DODD–FRANK’S FAILURE TO ADDRESS CFTC OVERSIGHT OF SELF-REGULATORY ORGANIZATION RULEMAKING

DODD–FRANK’S FAILURE TO ADDRESS CFTC OVERSIGHT OF SELF-REGULATORY ORGANIZATION RULEMAKING

Since its formation, the Commodity Futures Trading Commission (CFTC) has taken a hands-off approach with respect to its oversight of the futures industry. It has relied on self-regulatory organizations (SROs)—namely, exchanges such as the Chicago Mercantile Exchange and associations such as the National Futures Association (NFA). The Dodd–Frank Act (Dodd–Frank), Congress’s attempt to address unregulated derivatives and swaps trading, perceived as key contributors to the 2007–2008 financial crisis, created an expanded regulatory role for the CFTC while simultaneously increasing its reliance on old and new SROs. Yet Congress failed to grasp the expansion in resources the CFTC would require both to perform its new duties and to continue its traditional oversight of industry self-regulation. In particular, the CFTC lacks the statutory mandate and the resources to counter the risks associated with industry self-regulation in theory and in practice. This Note compares the divergent schemes of the Commodity Exchange Act and the Securities Exchange Act to show that the statutory impetus to review SRO rulemaking is much stronger with the SEC than with the CFTC. It then empirically assesses CFTC oversight of rulemaking by the National Futures Association to show that from 2003 to 2012 ninety-four percent of rule additions or amendments proposed by the NFA—which must be sent to the CFTC before taking effect—were adopted unmodified.
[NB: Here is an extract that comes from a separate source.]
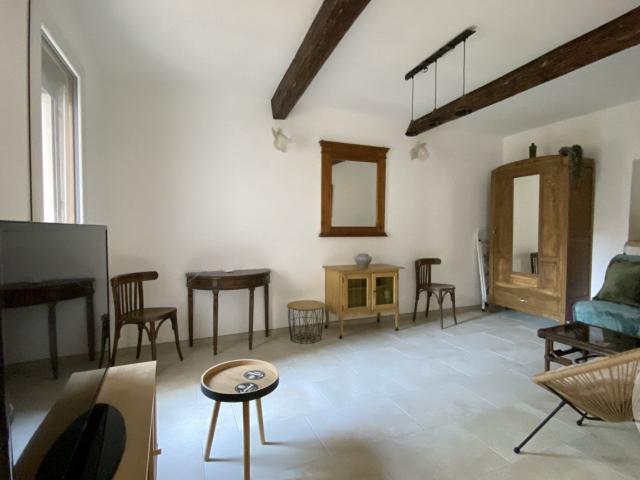 Maison meublée 3 pièces 60 m²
This Note argues that the CFTC likely is not adequately scrutinizing rule proposals by the NFA—or, if it is doing so, it is doing so out of the pub- lic eye. It concludes that the CFTC should conduct a self-assessment and begin disclosing conversations with the SROs it oversees in order to determine how it can better monitor self-regulatory organizations.